Sunday, April 15, 2012

UNDERESTIMATING THE CRAZY

Brad DeLong thinks Romney adviser Gregory Mankiw is inadvertently making a case for Obama's reelection in this New York Times op-ed.

Key quote from Mankiw:

If the government's job is merely to provide services, like roads, schools and courts, competition among governmental producers may be... good.... But if government's job is also to remedy many of life's inequities, you may want a stronger centralized government....

These are two fundamentally different visions. The next election, and to some degree every election, is about which one voters find more compelling.


To which Brad responds:

But does anybody doubt that social insurance is one of the (many) proper jobs of the government?

Has anybody ever doubted this?


Um, yes -- pretty much the entire modern Republican Party. Certainly the majority of Republican members of the House, and all the GOP presidential candidates, with the possible exception of Fred Karger and Buddy Roemer.

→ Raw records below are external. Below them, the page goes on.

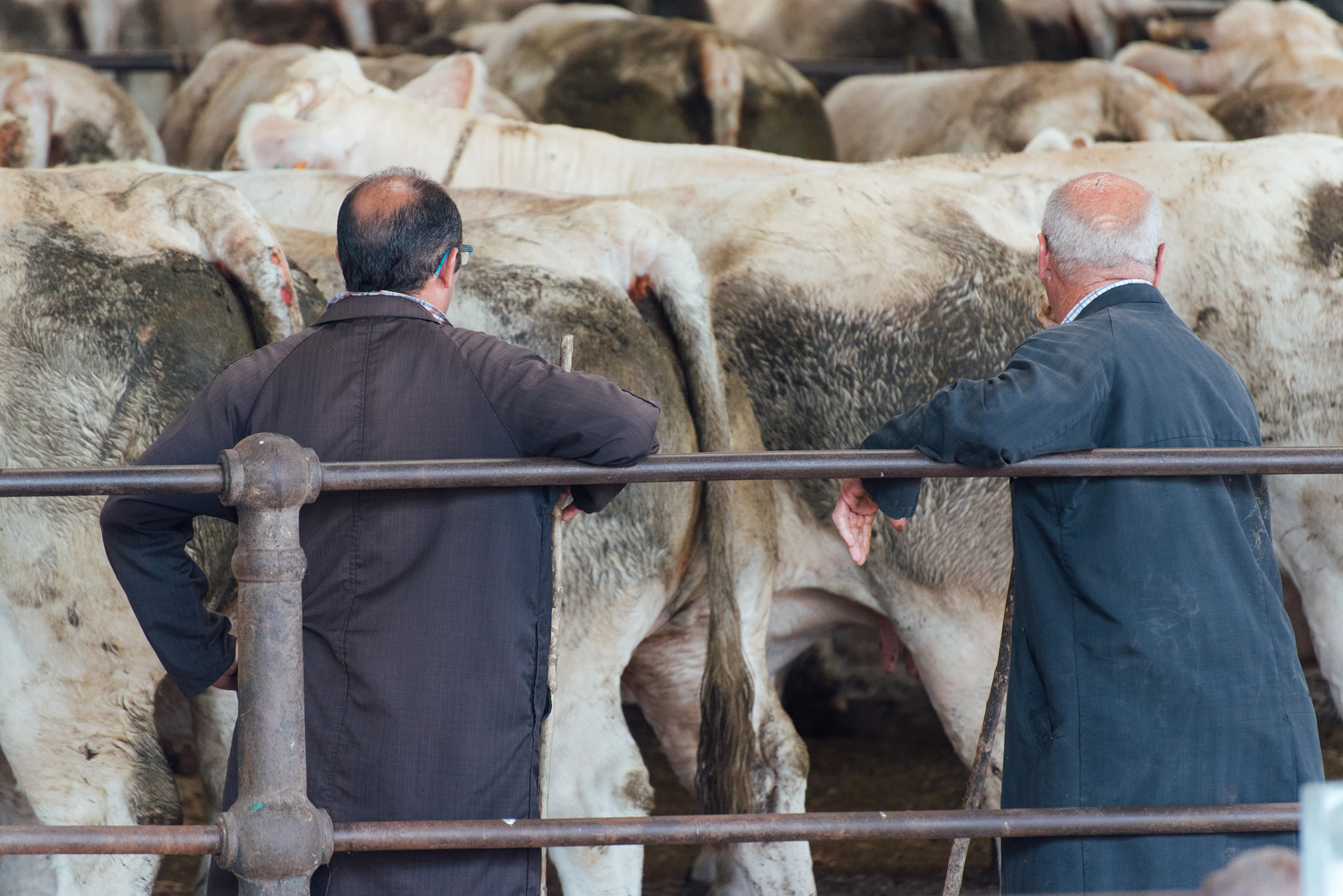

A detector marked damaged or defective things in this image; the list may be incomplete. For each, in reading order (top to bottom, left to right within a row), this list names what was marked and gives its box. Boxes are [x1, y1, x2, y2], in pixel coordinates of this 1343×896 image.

rusty pipe railing [3, 446, 1343, 498]
rusty pipe railing [0, 808, 1301, 855]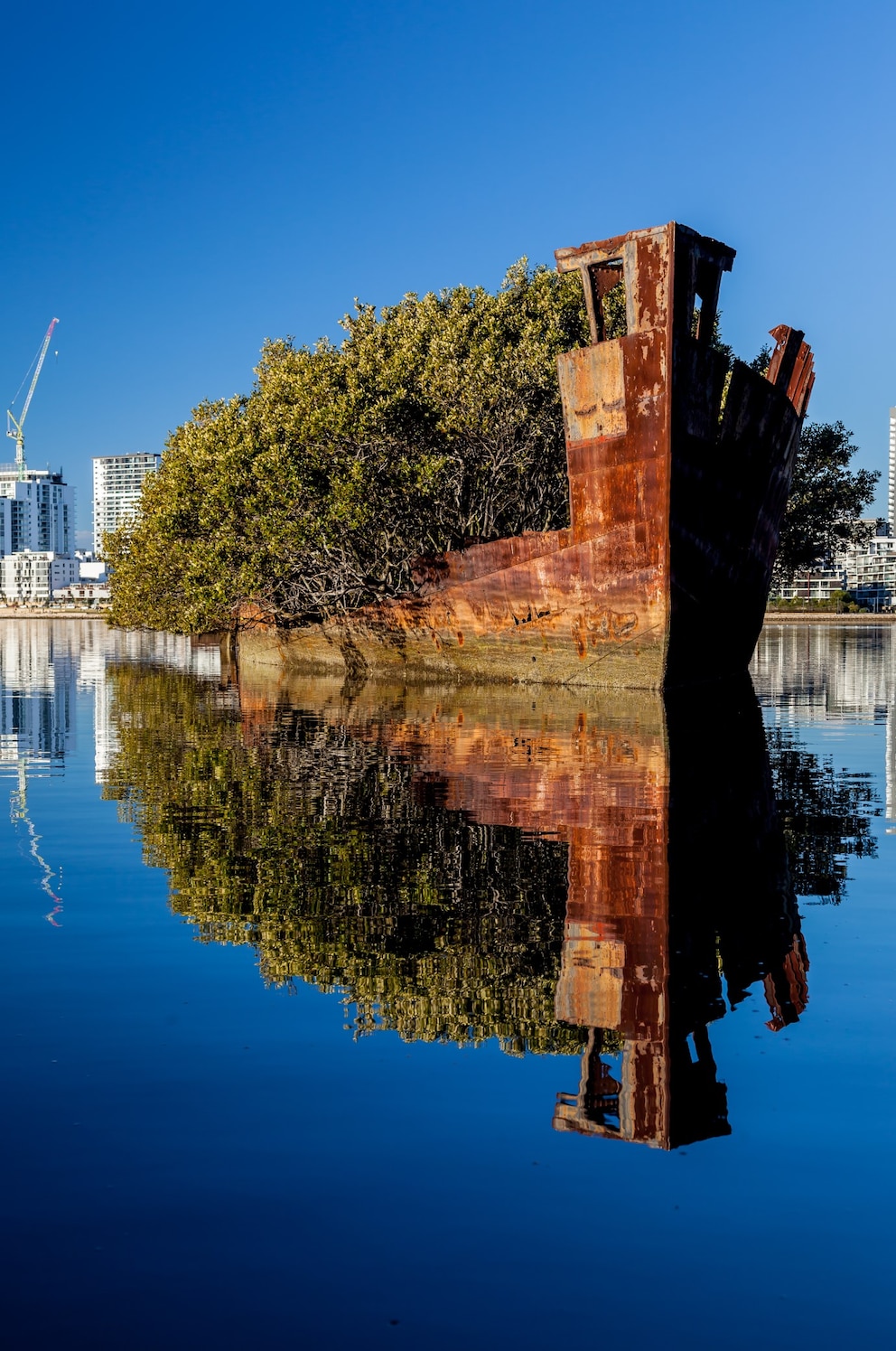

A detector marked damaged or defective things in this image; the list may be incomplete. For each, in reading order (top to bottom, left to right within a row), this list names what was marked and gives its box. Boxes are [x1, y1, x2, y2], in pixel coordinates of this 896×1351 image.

rusty shipwreck [238, 223, 813, 690]
corroded metal hull [238, 223, 813, 690]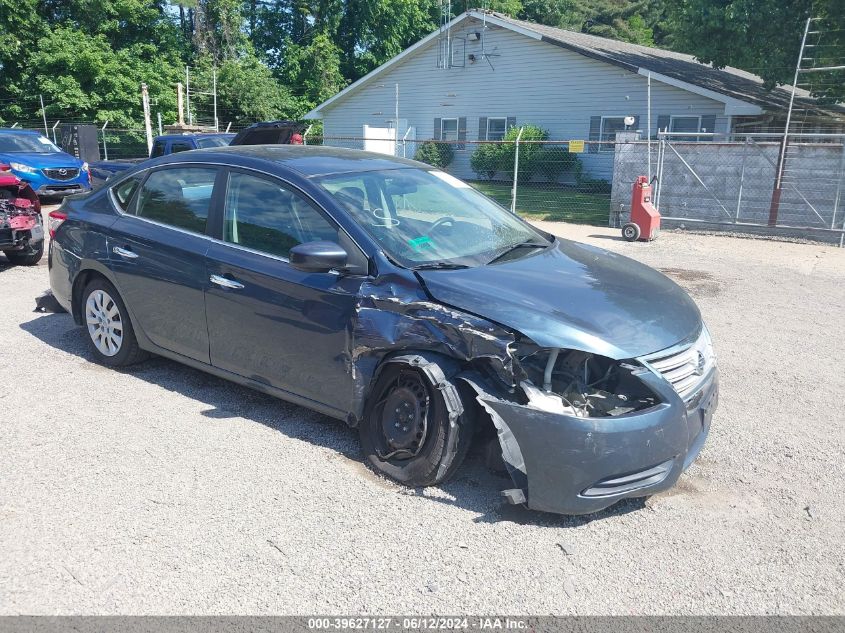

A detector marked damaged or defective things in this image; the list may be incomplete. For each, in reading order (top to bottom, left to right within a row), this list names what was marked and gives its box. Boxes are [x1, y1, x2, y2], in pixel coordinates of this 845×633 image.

red damaged car [0, 165, 44, 264]
damaged nissan sentra [47, 144, 720, 512]
crumpled hood [416, 237, 700, 358]
broken headlight [516, 344, 660, 418]
crushed front bumper [472, 366, 716, 512]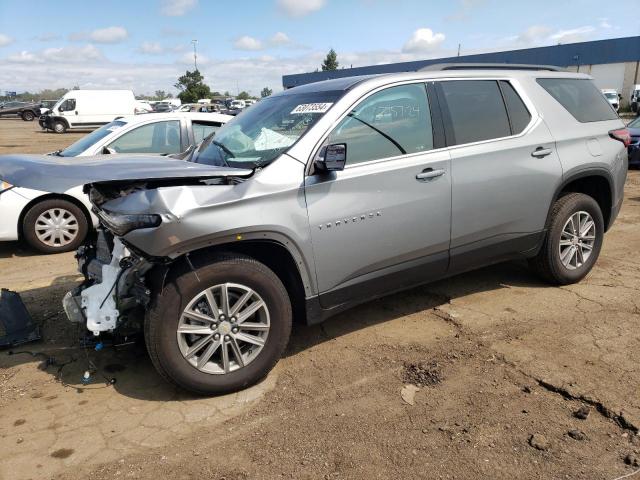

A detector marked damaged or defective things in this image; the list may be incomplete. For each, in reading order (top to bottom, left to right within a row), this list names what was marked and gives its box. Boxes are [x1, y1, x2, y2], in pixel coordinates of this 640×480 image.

crumpled hood [0, 153, 252, 192]
broken headlight [98, 210, 162, 236]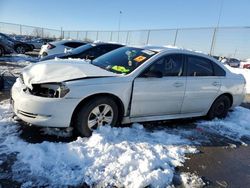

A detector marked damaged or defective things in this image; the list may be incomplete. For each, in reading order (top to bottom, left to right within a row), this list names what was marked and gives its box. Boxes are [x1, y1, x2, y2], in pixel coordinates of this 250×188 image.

crumpled hood [22, 59, 117, 88]
broken headlight [30, 82, 71, 98]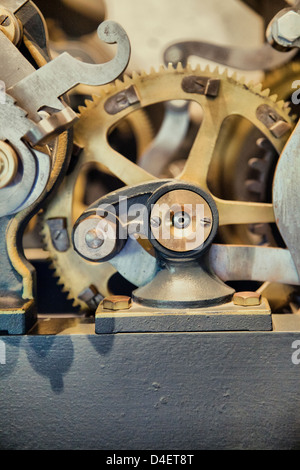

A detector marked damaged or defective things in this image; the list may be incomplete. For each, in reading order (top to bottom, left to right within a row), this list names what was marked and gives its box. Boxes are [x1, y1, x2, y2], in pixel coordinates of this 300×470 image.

rusty metal part [0, 140, 18, 189]
rusty metal part [150, 188, 213, 252]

We really no longer live in a society that overwhelmingly believes government should intervene in the war of each against all -- as we will find out, to our horror, if the candidate Mankiw advises becomes the next president of the United States.

1 comment:

  1. Pretty much the Repub position historically, too. There used to be a few more exceptions than now, perhaps, but it's not as if the GOP ever signed on en masse to any of Wilson's, FDR's, Truman's, Kennedy's or Johnson's social-insurance policies. Or TR's or George Norris' either, for that matter.